# Probably moving to Saxony very soon!



## manuelwt

Hi everyone!

I might get a job offer in Saxony as Project manager. The job looks very interesting and the promised salary is about 70000€.

The thing is that I cant find much information about Saxony, so I was wondering if anyone could give me a hand with my research.

We will be moving to Dresden, though we are open to other suggestions. I do not speak German at all, but Im willing to learn it. My questions are the following:

Does people in general speak English in Saxony? 

Is it safe? 

Are people over there friendly towards foreigners? I heard Saxony is not very cosmopolitan in terms of foreigners.

What about lifestyle? is there any shopings centers, pubs...etc? sorry if the question sounds a bit silly but I also heard that the city is beautiful but does not have anything but museums and monuments (said from a guys from Berlin) but it doesnt sound right to me to be honest.

Would 70000€ be enough for a married couple?

I hope someone can help me with this as job-wise Im very interested, so just need to clarify these questions to make a decision if the opportunity arrives.

Thanks a lot


----------



## MrTweek

Well, I find Dresden a really nice city. Very beautiful, friendly people and although Saxony is indeed to very cosmopolitan, Dresden is a young city and has quite some international students.
In the city, you will be fine without speaking German, if you move to the countryside, this could be a problem.
Saxony was on the soviet side of the iron curtain, which means everyone who went to school before 1990 will have learned Russian instead of English.

Dresden is not a small city. The night life is pretty awesome and shopping won't be an issue.

I would say, Dresden is a good place to live. The region around has also a lot to offer and even places like Berlin and Prague are close enough for a short weekend trip.

It's probably a good idea to stick to the city itself, at least as a start. It's easier to get along and you can still move somewhere else later, once you get to know the area and learned some German.


----------



## manuelwt

Thank you very much MrTweek!! really appreciate your answer and advice.
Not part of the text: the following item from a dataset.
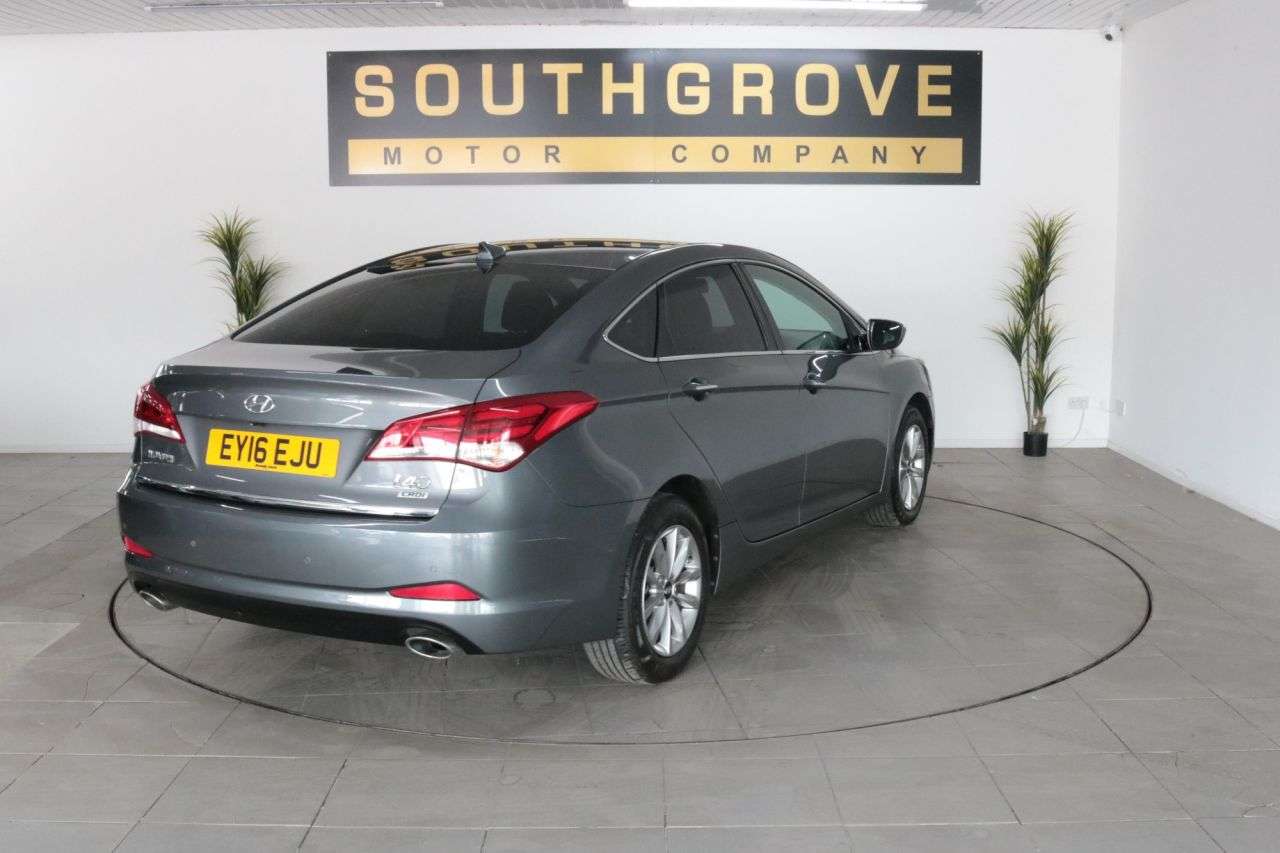 2016 HYUNDAI I40 2016 HYUNDAI I40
We are definitely going to stick to the city, at least at the beginning as you said. We are also looking at Leipzig as it seems quite a big city too. Which city would be better at the beginning?

Does anyone know a good website to find properties to rent?

Thanks again for your quick answer MrTweek


----------



## MrTweek

Haven't been to Leipzig, but I heard it's even nicer than Dresden.
Where is your job? Although Leipzig isn't too far from Dresden, it's still more than a one hour drive, so probably a bit too far to commute.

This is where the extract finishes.